Veröffentlicht in Gesellschaft, Kultur, Literatur, Politik | 01. Dezember 2018 | 11:21:49 | Roland Müller

Mit der zunehmenden Eskalation des politischen und ökonomischen Verhältnisses zwischen den USA und der VR China – getrieben durch einen von Mr. Trump angezettelten Handelskrieg – wird es um so wichtiger zu verstehen, welche Strategien, Planungsziele und Denkhorizonte die chinesische Führungsebene bewegen, so zu handeln wie sie handeln. Mit der nun vorliegenden, umfangreich überarbeiteten und aktualisierten zweiten Auflage  von „Moulüe – Supraplanung“ legt Prof. Harro von Senger im Hanser Verlag erneut und nachdrücklich jenes Buch vor, das wie kein anderes ermöglicht, China in die Karten zu schauen. Wir haben es gelesen…

Der eine oder andere Leser unseres Magazins mag sich vielleicht noch erinnern, dass wir vor Jahren die Erstauflage des besagten Werkes bereits einmal gelesen und enthusiastisch besprochen hatten. Und zwar hier. Ausgehend von einem ausführlichen Interview, das wir eine Weile später mit Prof. von Senger in Freiburg geführt haben, können wir heute mit Bestimmtheit sagen: Ja, die zweite Auflage des um viele Seiten angewachsenen und intensiv aktualisierten Buches über „Unerkannte Denkhorizonte aus dem Reich der Mitte“ ist und bleibt mehr denn je das wichtigste Buch zum Verständnis des Agierens der VR China in diesem wechselhaften 21. Jahrhundert.

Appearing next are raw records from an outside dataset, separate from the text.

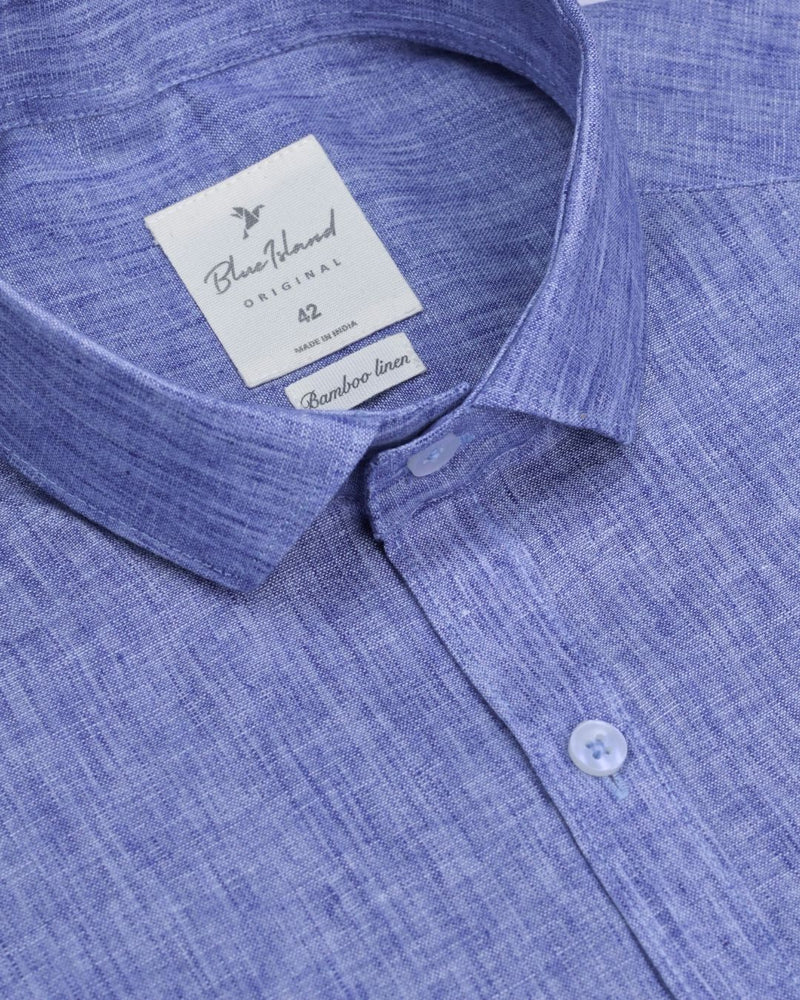 Denim Blue -Full-Bamboo Linen
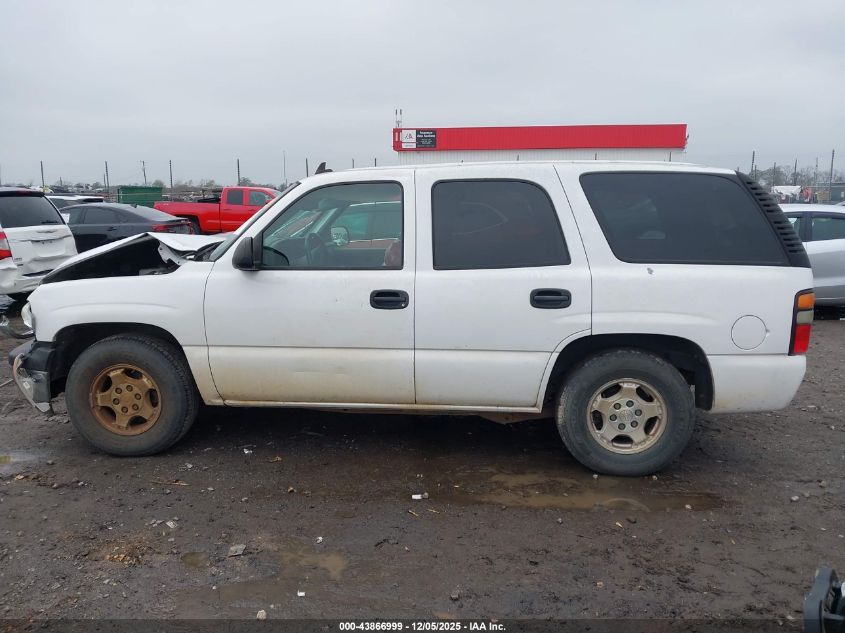 2006 Chevrolet Tahoe Ls VIN: 1GNEC13V56R139739 Lot: 43866999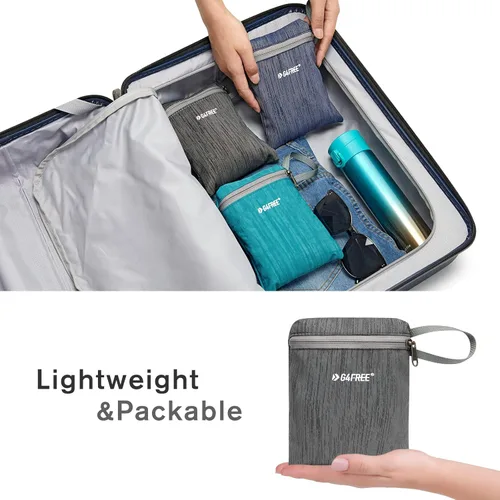 Vista 6 de G4Free Mochila de senderismo de 10L Pequeño Viaje Senderismo Daypack Bolsa plegable ligera, Gris oscuro, Mochilas Daypack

Beispiele gefällig? Nun, da muss man nicht weit ausholen und kann gleich nach der umfangreichen Einleitung, in der Harro von Senger mit wissenschaftlicher Akribie aufführt, wie seine Prognosen und Erkenntnisse aus der ersten Auflage durch chinesisches Handeln in den vergangenen zehn Jahren bestätigt wurden, mit Sun Tsu einsteigen. Meister Sun, auch Sun Zi oder eben Sun Tsu genannt, hat mit seinem berühmten „Kriegskanon“ ein Werk geschaffen, das in einem so spannenden wie grundsätzlichen Kontrast zu Carl von Clausewitz„Vom Kriege“ steht, der Basis westlicher gewaltbetonender Militärdoktrin. Laut Harro von Senger lässt sich das heutige chinesische Planungskonzept „Moulüe“ auf diese jahrtausendealte Schrift zurückführen, deren Kernsatz lautet: „Bu zhan er qu ren zhi bing shan zhi shan zhe ye“. Entgegen zahlreicher westlicher Übersetzungen von Roger Ames bis Henry Kissinger, die diesen Satz in etwa mit „Die größte Leistung besteht darin, den Widerstand des Feindes ohne einen Kampf zu brechen.“ übersetzt haben, zieht von Senger auf dem Konzept von Moulüe (Supraplanung) fußend eine wörtliche Übersetzung vor. Und die offenbart Überraschendes. Denn da im Originaltext das Wort di für Feind oder Gegner gar nicht vorkommt, verzichtet auch die wortgetreue deutsche Übersetzung darauf: „Ohne einen Waffengang die Streitmacht der Männer der Gegenseite gefügig machen ist erst das Gute vom Guten.“ Hoppla! Kein westlich geprägtes Feinddenken? Schau‘ an.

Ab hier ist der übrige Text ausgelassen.